Brazil’s biggest party announced on Tuesday it was pulling its members from the governing coalition, dealing a major blow to embattled President Dilma Rousseff.
The Brazilian Democratic Movement Party (PMDB) decided at a leadership meeting that its six remaining ministers in Rousseff’s cabinet, as well as all other party members with government appointments, must resign or face ethics proceedings.
The break sharply raises the odds Rousseff will be impeached by Congress in a matter of months, or even weeks, which would put Vice President Michel Temer, leader of the PMDB, in the presidential seat.
Rousseff is embroiled in corruption allegations and accusations that she manipulated economic information – all of which she denies.
Al Jazeera’s Gabriel Elizondo, reporting from the capital, Brasilia, said the PMDB’s decision was an “absolutely huge setback” for Rousseff.
“[PMDB] was her key ally party in her coalition, and with the entire party now saying they are breaking away from Rousseff’s ruling coalition, it basically signals that her coalition is crumbling,” Elizondo said.
“This really sets into motion a whole new phase in this impeachment process, with Dilma Rousseff now facing an even higher and harder uphill battle to try and save her presidency.”
Rousseff is struggling to save her presidency amid the worst economic recession in a generation and the widening fraud investigation that started at state-run oil company Petroleo Brasileiro.

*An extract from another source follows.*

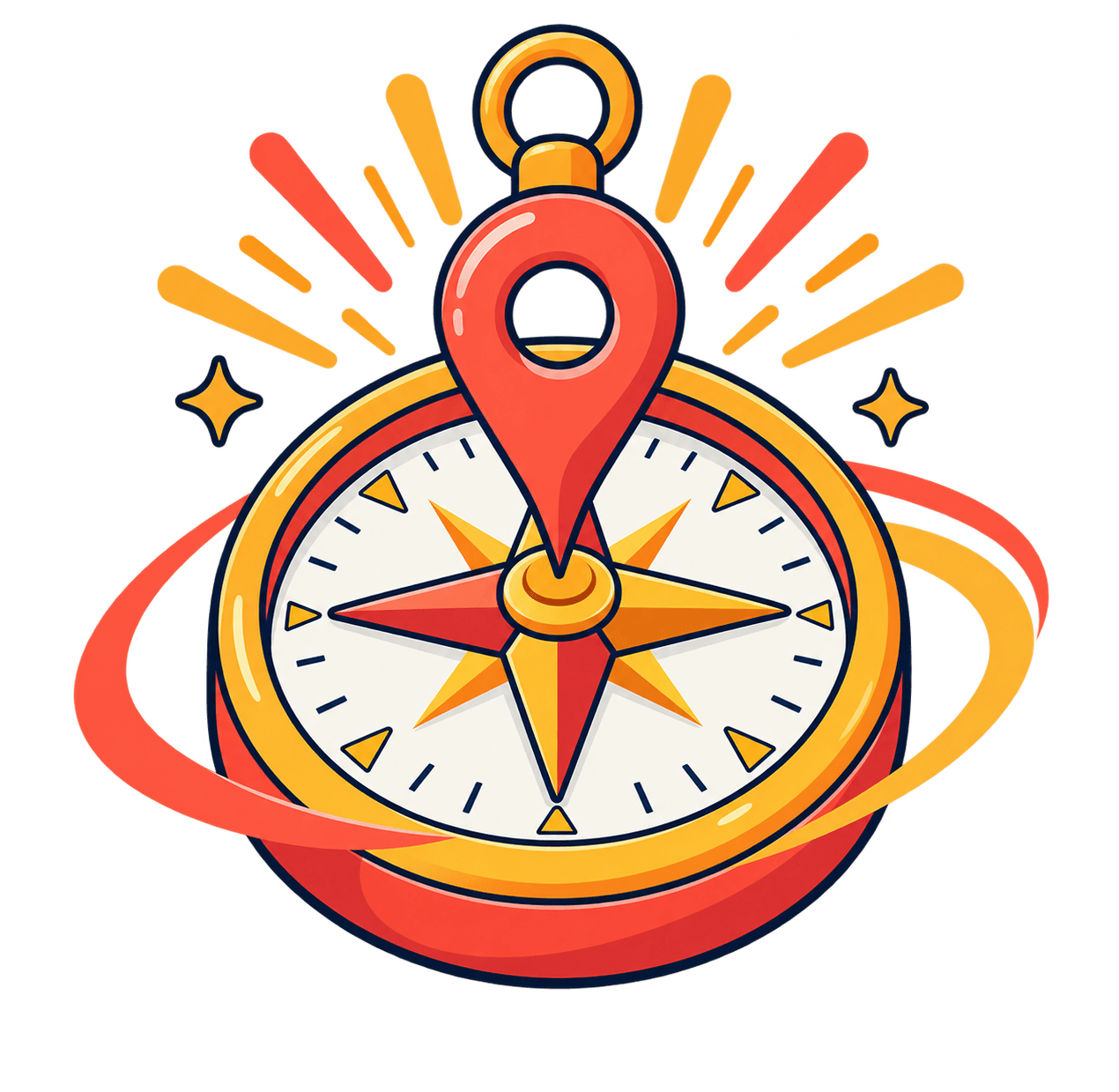 Illustration of a compass with a location pin, representing local event discovery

On Monday, the Brazilian Bar Association (OAB) filed a legal request to impeach the president for obstructing justice and fiscal accounting tricks.
Rousseff already faces an impeachment process over the alleged manipulation of government accounts that opposition parties maintain helped her win re-election narrowly in 2014 by allowing her to boost public spending.
The second request by the bar association, which represents one million lawyers, also involved Rousseff granting international football body FIFA tax-exempt status during the 2014 World Cup.
In reaction to the claims, Tourism Minister Henrique Eduardo Alves turned in a resignation letter on the same day, becoming the first prominent PMDB minister to step down from Rousseff’s government.
Our correspondent said Tuesday’s PMDB decision has now made it extremely difficult for Rousseff to gather the number of votes required – 171 – to block her impeachment.
“Right now, her people are huddled around literally counting votes,” Elizondo said.
“Even before this party broke from her coalition, it was going to be a very tight impeachment battle and a very tight vote in Congress. Now, it’s not with total certainty but pretty close that she is going to have a very difficult time trying to overcome this impeachment.”
The president has repeatedly said she is not going to step down and has likened the moves to impeach her to a coup.